═══ THE DATA

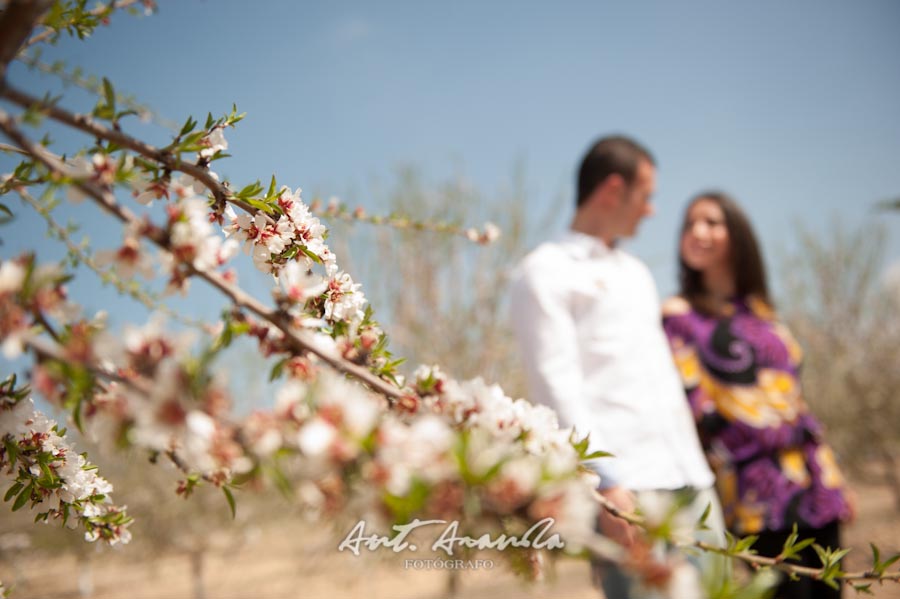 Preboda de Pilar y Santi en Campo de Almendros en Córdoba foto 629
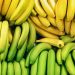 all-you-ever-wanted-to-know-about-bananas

══════
═══ THE DATA

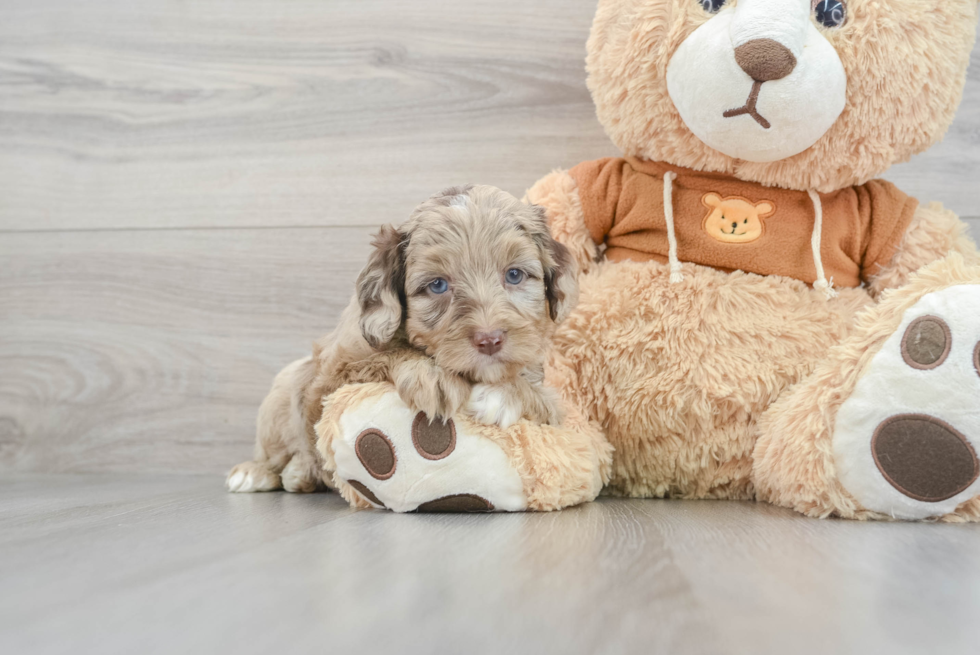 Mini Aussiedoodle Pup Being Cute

══════
═══ THE DATA

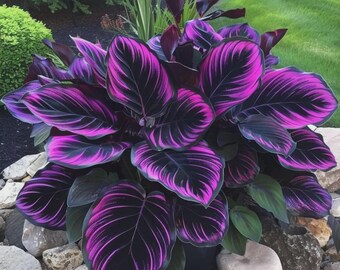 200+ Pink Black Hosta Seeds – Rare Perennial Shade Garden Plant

══════

> TASK TO COMPLETE:
Find the line with "Preboda de Pilar" in the data above, and from there retype each line exactly through the line with "all-you-ever-wanted-to-know-about-bananas", skipping the pictures along the way.

> EXERCISE SOLUTION:
 Preboda de Pilar y Santi en Campo de Almendros en Córdoba foto 629
 all-you-ever-wanted-to-know-about-bananas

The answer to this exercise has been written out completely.